I was introduced to the Jekyll static site generator by some dev friends a little while ago. I was telling them about some of the interesting challenges I’d had to overcome while I was writing my first proper web dev project, howtoscience.net. They’d both been using Jekyll for a while and explained its advantages over what I’d been doing previously, as well as other, more complex systems like Wordpress and the like. I’d dabbled with Wordpress at this point and found it annoying. I liked the idea of a stripped-down site generator that eschewed unnecessary complexity for simple tasks like making the blog you’re reading now.
So I went to their website and did a bit of reading. It looked interesting, so I installed the gem and got to work. Right away, I have to say that their official documentation, while a lot better than other docs I’ve seen, is not the easiest for the novice user to grasp. The major issue I have with the docs is that they do an excellent job of describing how all the components of Jekyll work, but they don’t give a very coherent overview of how they work together as a system. Unfortunately, this means that a lot of their examples are missing context. It’s a bit of a shame because they’ve clearly made an effort to lower the bar to entry, which is great. Exacerbating the problem is the continued use of ‘foo’ and ‘bar’ to describe throw-away variables.
Foo and bar have been used by generations of programmers to label meaningless variables for the purposes of examples. And this is exactly the issue: they are meaningless! Just because people have been using foo and bar to perform these functions for decades doesn’t mean that we should continue for the sake of it.

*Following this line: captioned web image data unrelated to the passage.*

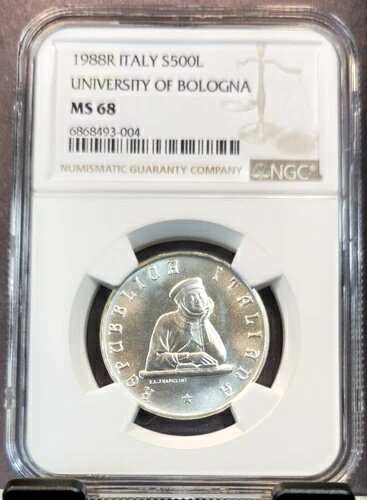 1988年 イタリア 銀貨 500リラ ボローニャ大学 NGC MS 68 希少 高品位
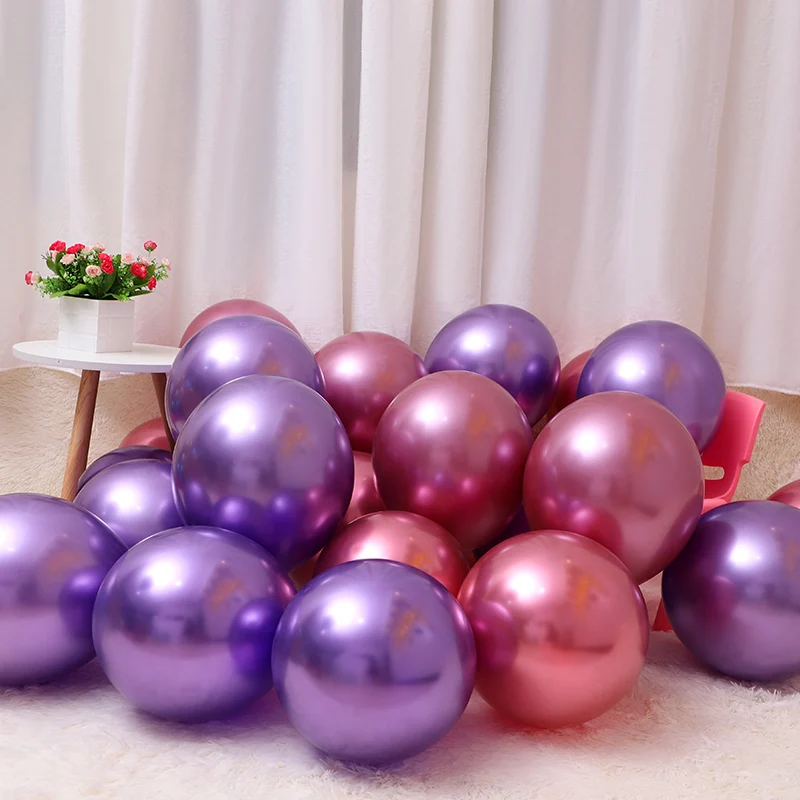 200 шт. 10/12 дюймов хром шары из латекса цвета металлик надувные Globos воздушный шар с гелием День рождения украшения дети балон - Цвет: pink purple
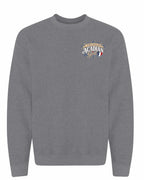 Newfoundland Acadian Girl Left Chest Crewneck Sweatshirt in Graphite Heather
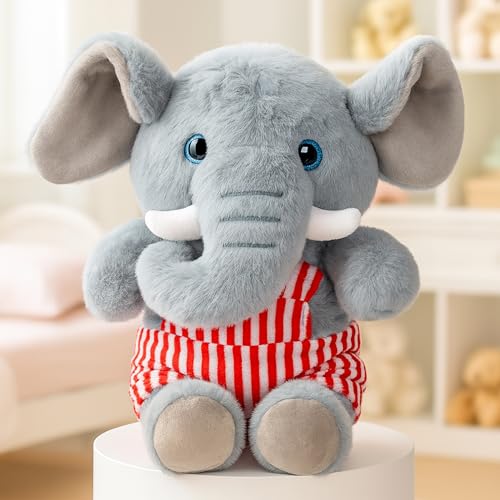 Image of Babique Dangri Elephant Stuffed Plush Animal | Teddy Bear Soft Toy |Ideal for Birthdays & Special Occasions Girls /Boys, Baby Kids -(Grey, 38Cm)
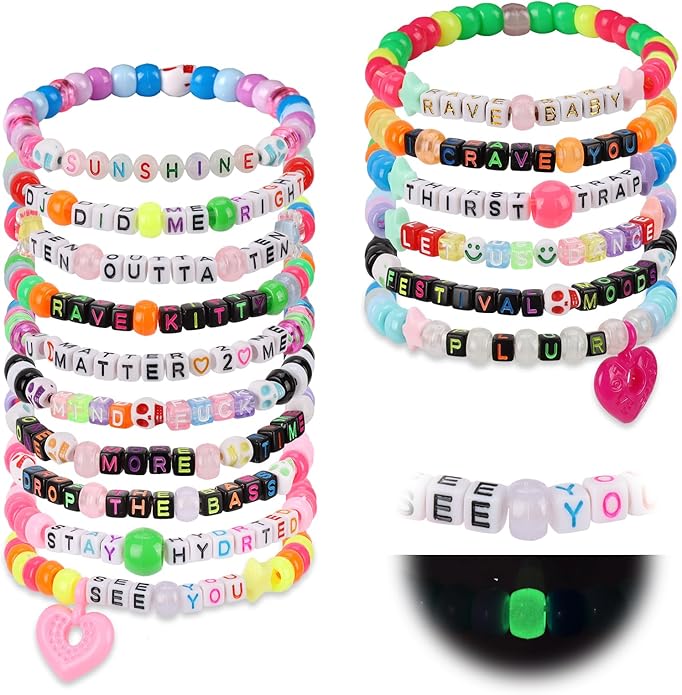 16/24/32Pcs Rave Kandi Bracelets Set Glow In The Dark EDM Music Stretch Bracelets Multi Color Beaded Kandi Cuff Rave Acces...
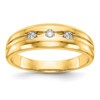 14K Yellow Gold 3-Stone 1/6 carat Diamond Complete Men's Band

If you’re going to go to all the trouble to give an example, why not make it useful? Something a developer new to your technology or system could see themselves wanting to do? Maybe an example that tells you something practical you can do with the function under discussion? Just sticking ‘foo: bar’ in there tells me absolutely nothing about what it is that I’m doing or why I’m doing it.
This isn’t to say that all use of foo/bar is wrong; just that if you’re using an example to provide context, they aren’t helping you do that. They are devoid of context pretty much by definition. It’s annoying.
Case in point:
You can specify meta data. Okay, what exactly does that mean? Meta data can encompass a wide range of things, and a decent example here would help me think about what sorts of things you had in mind when you… oh ‘foo: bar’. Yeah, thanks for that. As a reader, I’m just as in the dark after your example as I was before I saw it. So you could have saved yourself some time and bandwidth and not bothered.
The lack of big-picture context in the docs left me feeling like a kid sitting in a pool of lego blocks, but without knowing how each part was supposed to fit with the others.
Thankfully, I found a site that talks about these things: Jekyll Tips. This site walks the new user through Jekyll using a couple of simple examples to explain why we use certain features and the essentials of how the system works from a top-down perspective. It’s quite excellent, actually. After reading it, going back over the official docs makes a lot more sense and I find myself understanding and applying the system properly.
Once I see how a system works, I can find new uses for it on my own. I just need to get over that first hurdle and it’s fine. For me, ‘why’ is the most important thing. Why are we performing this action on that object? Giving a concrete example of how the overall structure of Jekyll fits together on a simple site answered that question and gave me contextual understanding. Now I can branch that out and modify it ‘till my heart’s content.
My experience writing the site you’re reading now using Jekyll has been quite good. I expect to use it for several other projects in the future, as it fills that niche for relatively simple static sites that don’t need the additional complexity of other CMSs.